That was reasonable, but not the whole truth. The simple fact was that he had always taken affection, and bestowed it, where it was found.

As beauty of temperament and confirmation were not an impediment to fondness, the horses at Pemberley were not slighted. On the contrary, horses at the inn were not there long enough for John to build a true attachment. At Pemberley, he came to know them each by name. And if they did not know his name, they knew his presence. A gratifying orchestration of nickering began whenever he entered the barn. This was most pleasing, for it was a family of sorts. Something that he missed.

Was he called upon to name it, his Family Equus would have to include Edward Hardin who had taken to calling him, not John nor Christie, but “Johnny, me lad.” The man was a little deaf, hence he always sounded a bit rankled when he doled out orders.

Yet he began every one, “Johnny, me lad…”

John Christie did understand there was a hierarchy at Pemberley—not hereditary, yet an oligarchy, nevertheless. The line of rule was rarely transgressed. John knew he answered to Edward Hardin, who answered to Mr. Rhymes. Mr. Rhymes answered to Mr. Darcy, and evidently, Mr. Darcy answered but to God.

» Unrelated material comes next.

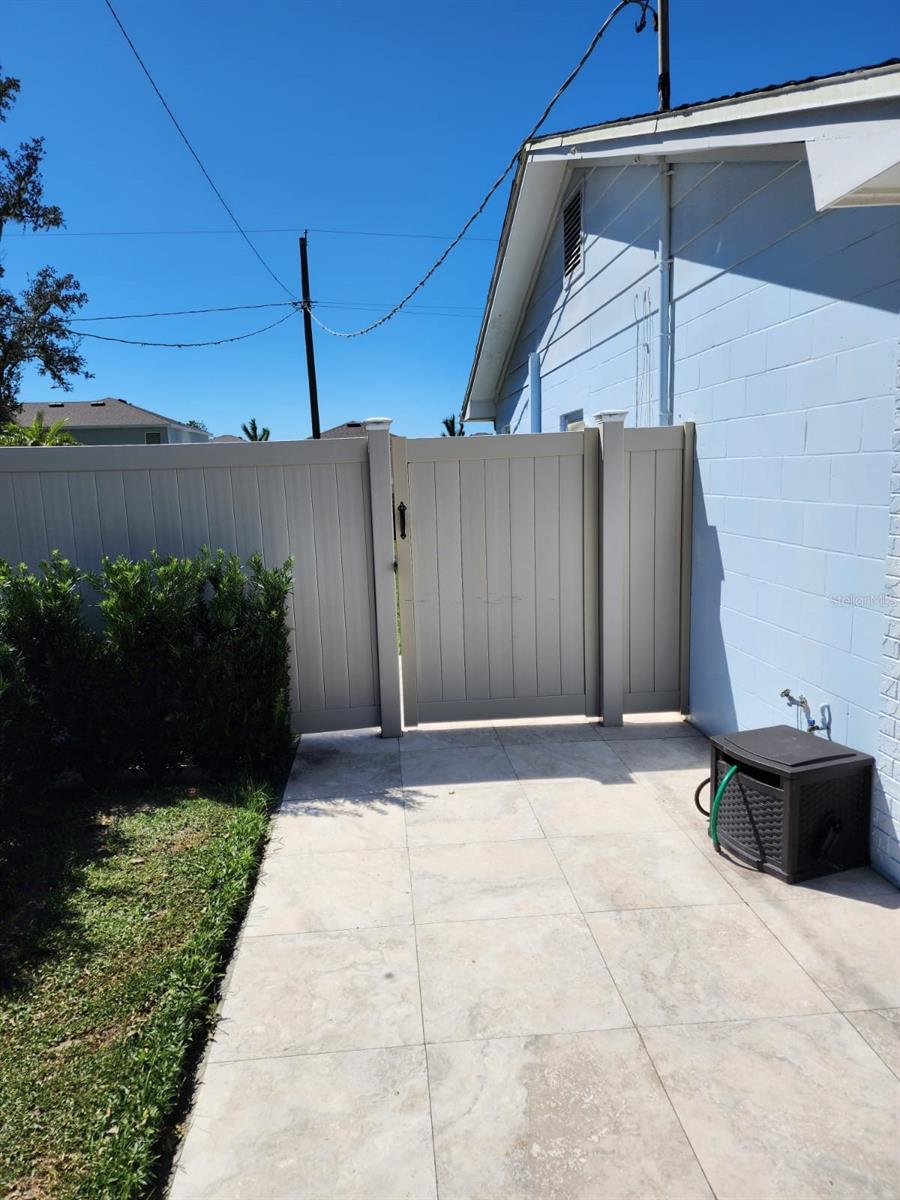 Side entrance to yard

It was fitting. John’s life had been subjected to little but the bedlam and discord of Whitechapel, but also to the general chaos of his mother’s love life. It was reassuring to know exactly where one stood. That one stood at the end of the line was not pertinent. At least there was a line in which to subsist. Order and rule.

He had even managed to elude Tom Reed.

Edward Hardin despised the man (no greater obligation of regard could be asked) and had complained to Mr. Rhymes about Reed abusing the horses. Why Reed was even at Pemberley, no one seemed to know. Reed was hired in London; his single recommendation had come from his brother, Frank. All the other footmen and grooms disliked him, even though, as do most men who are bullies, Reed seldom confronted other men. He turned his roughest hand toward the weaker: animals, women, and boys.

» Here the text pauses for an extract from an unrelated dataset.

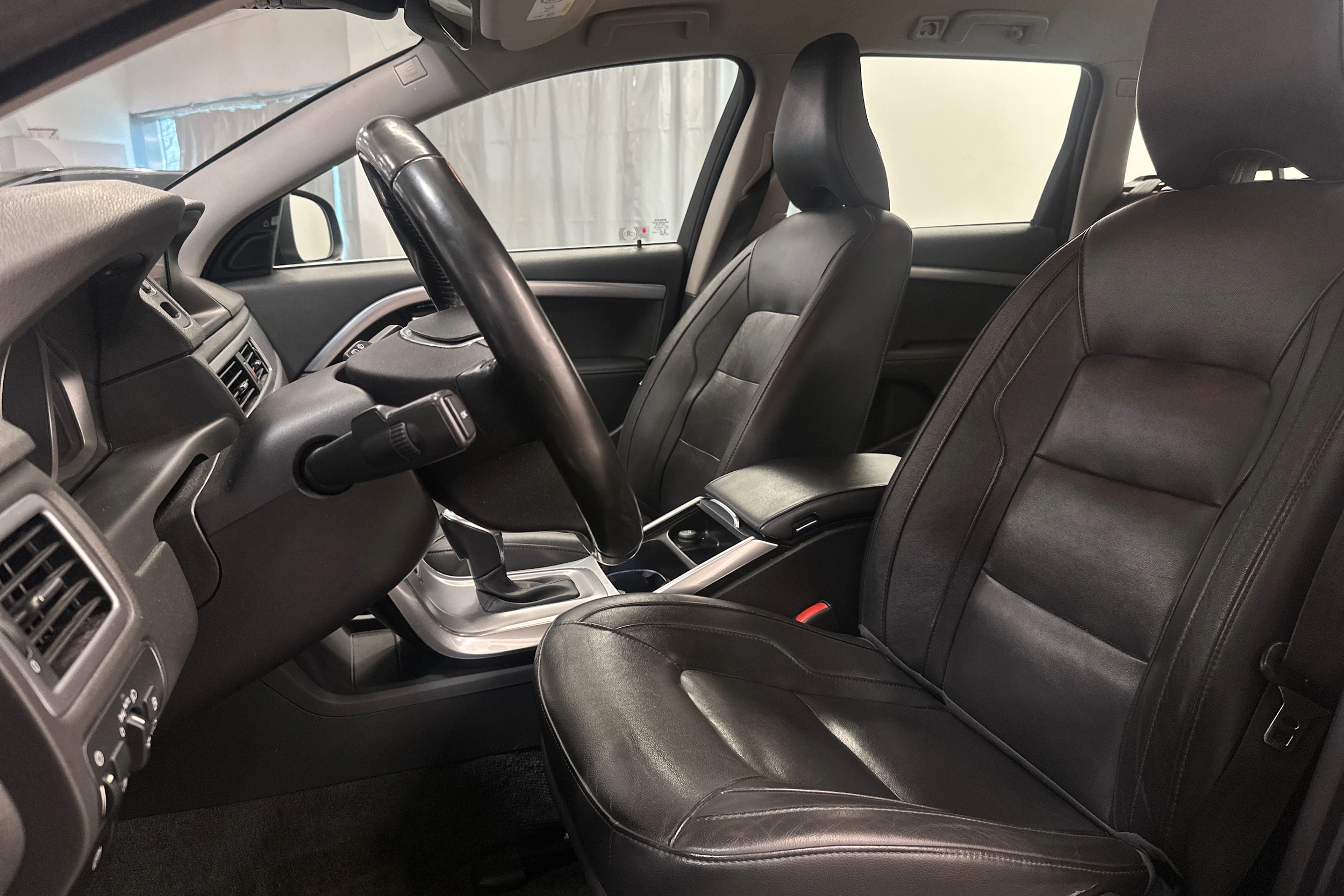 Sininen Volvo V70 2016 kuva 11.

The single blight upon his tenure had come at Reed’s hands, but John knew, ultimately, that it was his own fault. For he had the poor judgement to honour one of Reed’s orders. That day of the hunt, Reed had told John to bring the shortest horse in the barn for that sweating, pear-shaped gourd of a vicar. And he had done it. He had delivered that innocent little chestnut pony unto the hands of that buffle-headed meacocke, Collins.

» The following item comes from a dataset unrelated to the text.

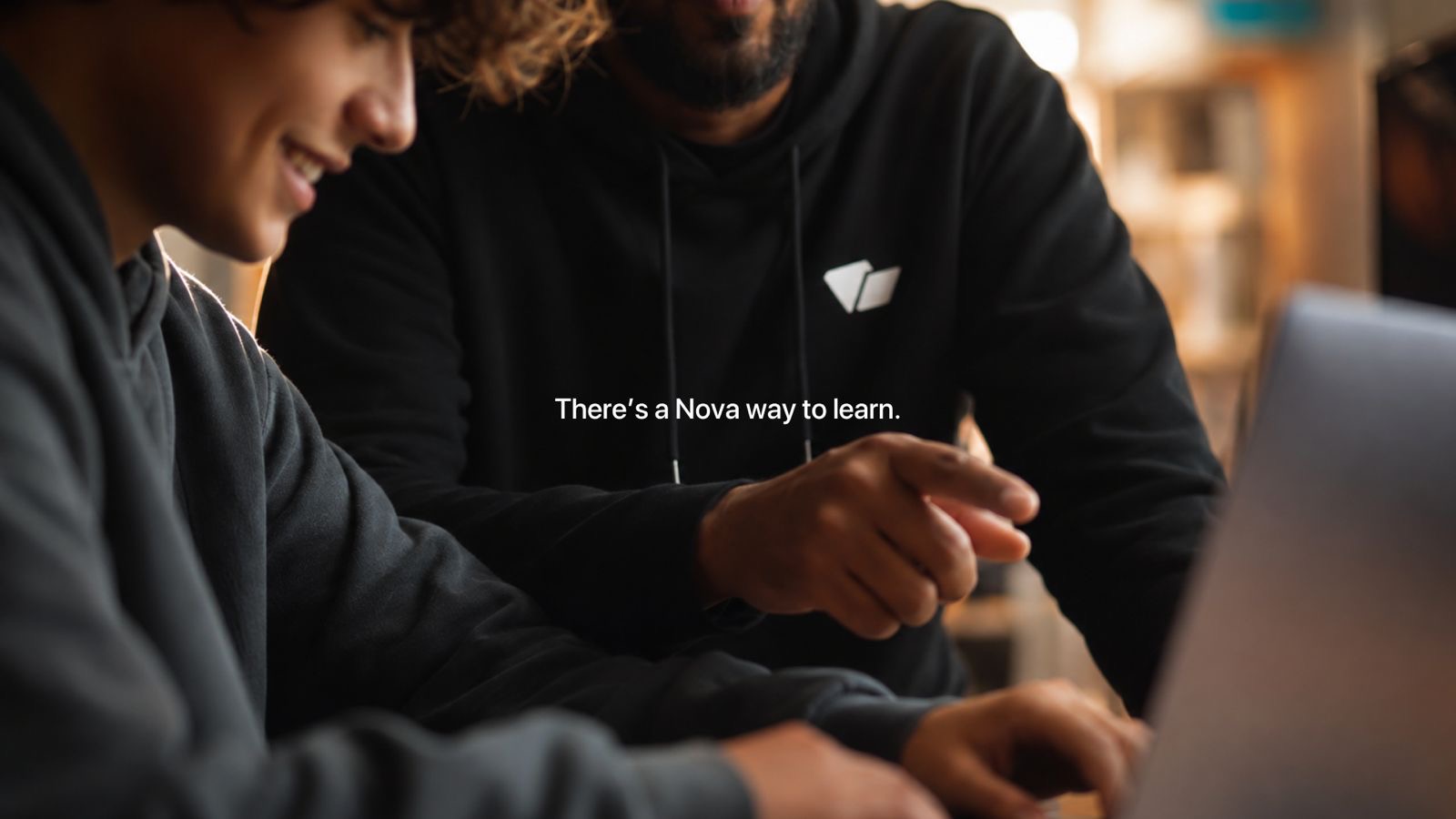 A tutor guiding a learner. There’s a Nova way to learn.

Of course, the vicar did end up the worse for wear.

Reed laughed uproariously at each retelling. John was convinced that the pony mistook his part in the whole debacle, for thenceforward, he looked at John maliciously every time he passed his stall. It was just another in the long line of Reed’s wicked deeds.

The confrontation with Mr. Darcy was unexpected. It was not, however, unwarranted or unwelcome. Hitherto, Reed had been clever enough to hide his malevolence from those of higher rank behind a somewhat smirking amiability. Almost everyone who witnessed the public disclosure of his cruelty savoured it. (Frank Reed may have savoured it, too, one can but conjecture.) Regardless, John loathed that the horse that he beat had to suffer to expose him.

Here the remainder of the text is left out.